**Objective: Split a csv file column 'location' into three seperate columns city, state and country and store result csv file. Finally visualize the csv file data by using PowerBI to create a report *Leading Country Report from 1000 startups funded by Y-combinator till 2024***

Design for given app:
![SparkSplitColumnIntoManyPrograms_Design.png](attachment:9de5b2e4-a315-4136-9f25-35f84d477020.png)

In [1]:
import findspark
findspark.init()
import pyspark
from pyspark.sql import SparkSession
import pyspark.sql.functions as f

In [2]:
# create spark session
spark = SparkSession.builder.appName("SparkSplitColumnIntoManyPrograms").getOrCreate()

Setting default log level to "WARN".
To adjust logging level use sc.setLogLevel(newLevel). For SparkR, use setLogLevel(newLevel).
25/02/06 04:04:38 WARN NativeCodeLoader: Unable to load native-hadoop library for your platform... using builtin-java classes where applicable


In [5]:
# Read CSV File
df = spark.read.csv("/home/sparkuser/data/ycombinator_with_founder_name.csv", header=True)
df.printSchema()

root
 |-- companies: string (nullable = true)
 |-- locations: string (nullable = true)
 |-- descriptions: string (nullable = true)
 |-- tags: string (nullable = true)
 |-- founder_name: string (nullable = true)



In [6]:
df.show()

+---------+--------------------+--------------------+--------------------+--------------+
|companies|           locations|        descriptions|                tags|  founder_name|
+---------+--------------------+--------------------+--------------------+--------------+
|   Airbnb|San Francisco, CA...|Book accommodatio...|W09, Consumer, Tr...|  brian chesky|
|Amplitude|San Francisco, CA...|Digital Analytics...| W12, B2B, Analytics|spenser skates|
+---------+--------------------+--------------------+--------------------+--------------+



In [7]:
from pyspark.sql.functions import split

# Split the values column based on the comma delimiter
split_col = split(df['locations'], ',')

# Add the split columns to the DataFrame
df = df.withColumn('city', split_col.getItem(0))
df = df.withColumn('state', split_col.getItem(1))
df = df.withColumn('country', split_col.getItem(2))

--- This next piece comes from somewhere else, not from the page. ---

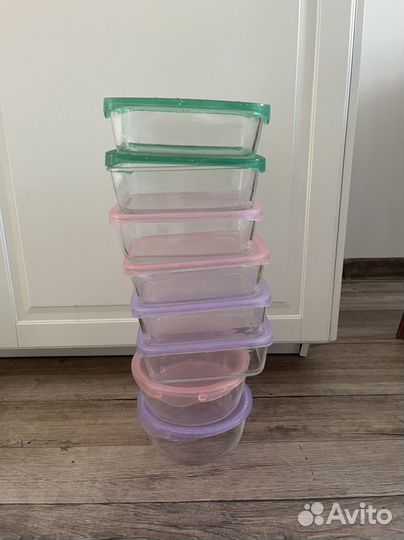 Контейнер для еды стекло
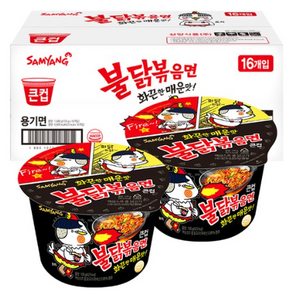 불닭볶음면 큰컵 105g, 32개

# Drop the original values column
df = df.drop('locations')

In [8]:
df.show()

+---------+--------------------+--------------------+--------------+-------------+-----+-------+
|companies|        descriptions|                tags|  founder_name|         city|state|country|
+---------+--------------------+--------------------+--------------+-------------+-----+-------+
|   Airbnb|Book accommodatio...|W09, Consumer, Tr...|  brian chesky|San Francisco|   CA|    USA|
|Amplitude|Digital Analytics...| W12, B2B, Analytics|spenser skates|San Francisco|   CA|    USA|
+---------+--------------------+--------------------+--------------+-------------+-----+-------+



In [9]:
!whoami

sparkuser


In [25]:
df1 = spark.read.csv("/home/sparkuser/data/ycombinator.csv", header=True).limit(1000)
df1.printSchema()

root
 |-- companies: string (nullable = true)
 |-- locations: string (nullable = true)
 |-- descriptions: string (nullable = true)
 |-- tags: string (nullable = true)



In [26]:
df1.count()

1000

In [27]:
split_col = split(df1['locations'], ',')

df1 = df1.withColumn('city', split_col.getItem(0))
df1 = df1.withColumn('state', split_col.getItem(1))
df1 = df1.withColumn('country', split_col.getItem(2))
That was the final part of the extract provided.